La suppression pure et simple du droit au regroupement, même provisoire, est impossible, puisque le  droit à une vie familiale normale est garanti par la Constitution comme l’a rappelé le Conseil Constitutionnel en 1993. Plus précisément, le droit au regroupement familial est fondé sur l’alinéa 10 du préambule de la Constitution de 1946 qui indique : ‘’La Nation assure à l’individu et à la famille les conditions nécessaires à leur développement’’. Pour le Conseil Constitutionnel, les étrangers bénéficient des mêmes droits familiaux que les nationaux. Interdire le regroupement familial est donc contraire à la Constitution. 

Enfin, le regroupement familial est aussi protégé par le droit européen, à travers une directive de 2003, et le droit au respect de la vie familiale trouve aussi une base dans la Convention européenne des droits de l’homme (article 8). 

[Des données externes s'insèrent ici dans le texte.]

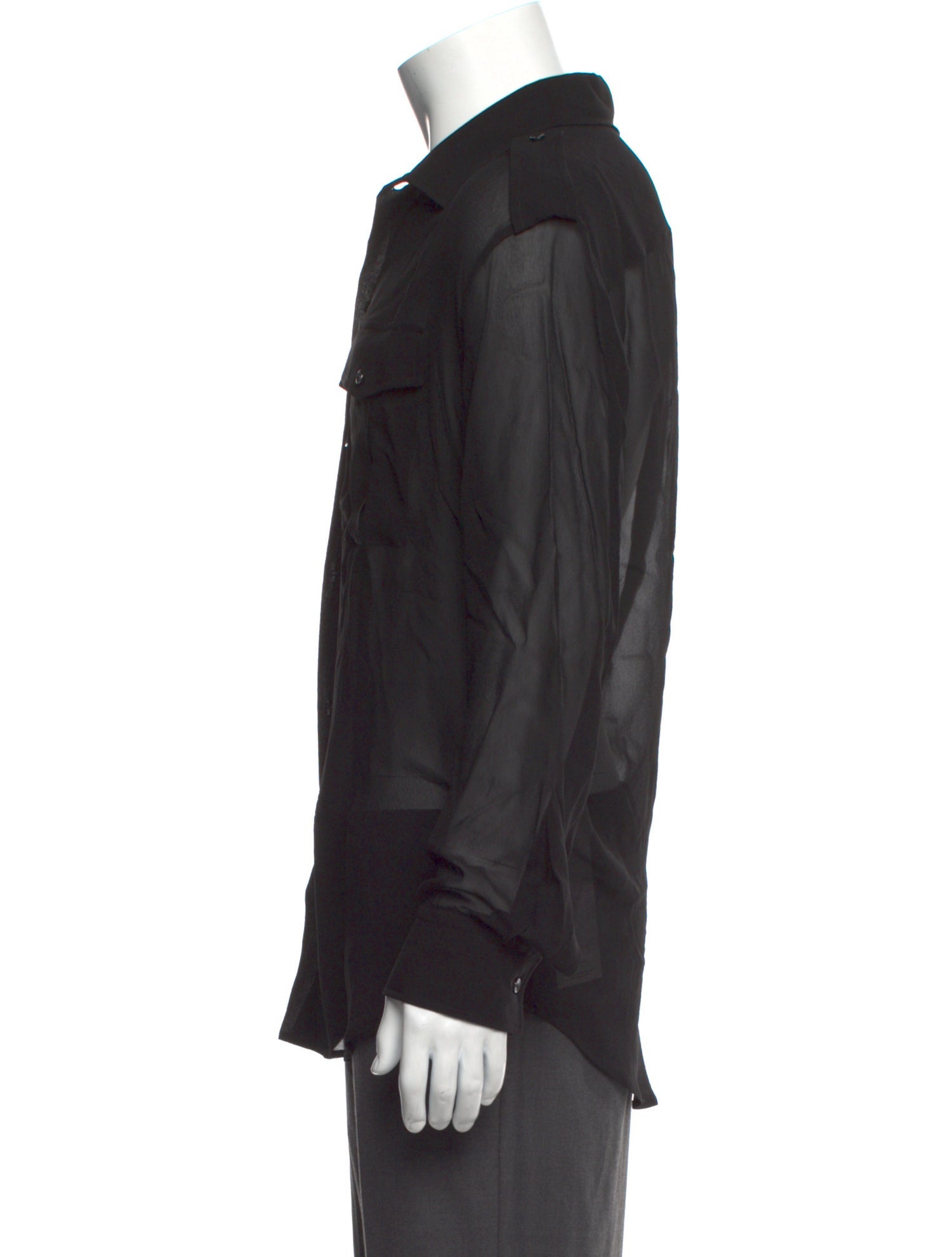 Saint Laurent Silk Long Sleeve Tuxedo Shirt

Suspendre le regroupement familial impliquerait donc de modifier le Préambule de la Constitution de 1946, de sortir du Conseil de l’Europe (et donc de la CEDH), et peut-être même de l’Union européenne. Au regard de l’ampleur de la tâche, Michel Barnier, qui n’a pas souhaité répondre à nos questions, ne peut donc pas supprimer ce droit, ni le suspendre, du moins pas pour les raisons qu’il indique.